The Caesar cipher is a type of monoalphabetic substitution cipher. Substitution because we replace letters with other letters, and monoalphabetic because the replacement letters and the original letters all come from the same alphabet. There are many different ways of creating monoalphabetic substitution ciphers. It doesn’t matter what our actual alphabet is, although it will eventually matter how many letters there are and the alphabet must be finite. For mathematical convenience, we’ll use numerals instead of letters. We will also start at 0 instead of 1 for convenience as well. Remember, however, that our symbols could be anything at all. We are choosing to set it up this way in order to make it easier to understand.

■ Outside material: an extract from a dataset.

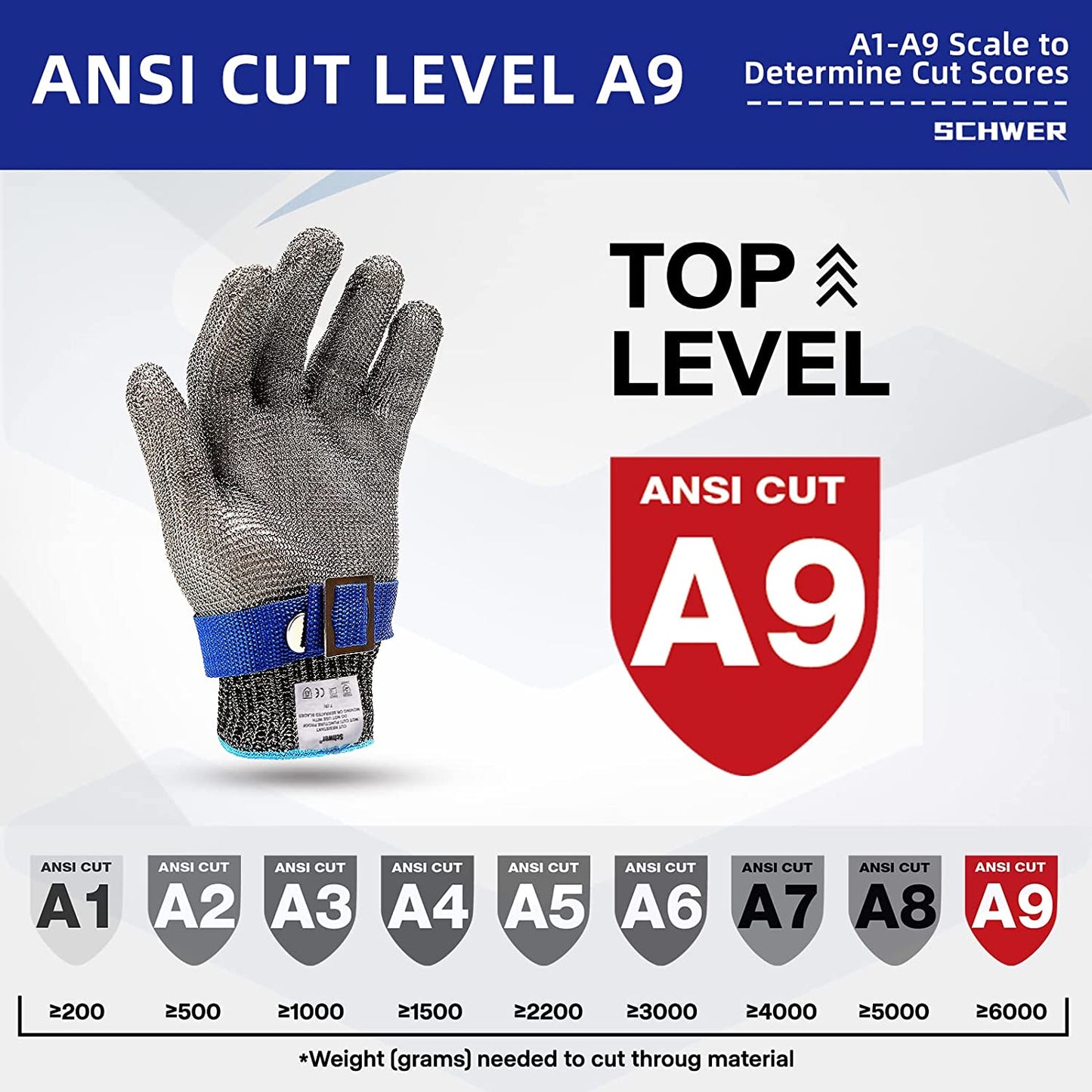 Cut Resistant Gloves for Kitchen and Oyster Handling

We can describe the Caesar cipher as y = x + 3 (mod 26). Here x is the index or place number of the original (plaintext) letter, y is the new (ciphertext) letter’s index, and “mod” refers to the modulo operator. Modulo gives the remainder after dividing one number by another, in this case the remainder after dividing by 26. In other words, the expression x + 3 (mod 26) says to take a number x, add 3 to it, divide it by 26, and take the remainder. The (mod 26) is what creates the alphabet wraparound rule.

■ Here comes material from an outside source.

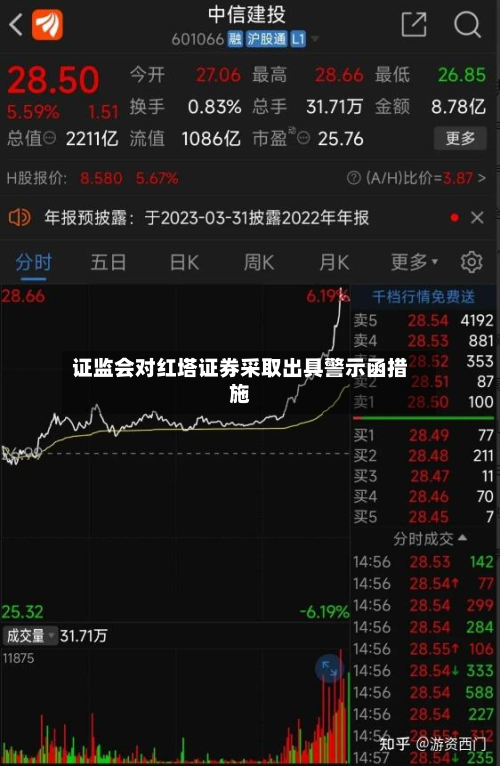 证监会对红塔证券采取出具警示函措施-第1张图片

Let’s try enciphering a short message, “PAX,” using the equation above. First, we need to replace the letter symbols with their corresponding number place in the alphabet. Since P is the 16th letter of the alphabet, it becomes a 15. Remember we are starting from 0, so A is 0. X becomes 23. Now we need to shift each letter.

15 + 3 = 18, and 18 ÷ 26 has a remainder of 18.

0 + 3 = 3, and 3 ÷ 26 has a remainder of 3.

23 + 3 = 26, and 26 ÷ 26 has a remainder of 0.

Finally, we translate back into letters. Letter number 18 is S, 3 is D, and 0 is A. Our ciphertext is “SDA.”

The existence of this equation which defines the Caesar cipher raises the question, what other equations could we use? Since that’s a very broad question, let’s arbitrarily narrow our focus to the familiar and interesting case of polynomial equations. Recall that a polynomial (in one variable) is an expression of the form

a_mx^m + a_m_-1x^m^-1 + … + a₂x² + a₁x + a₀

For example, 3x⁴ – 2x² + 1 is a polynomial.

Now, we want to consider what criteria make a polynomial appropriate for a cipher. For one, it must provide an unambiguous rule for finding each replacement letter (the ciphertext). Second, the rule for creating the ciphertext must be reversible so that the message can be deciphered. As it turns out, all polynomials meet the first criterion, so only the second one is interesting.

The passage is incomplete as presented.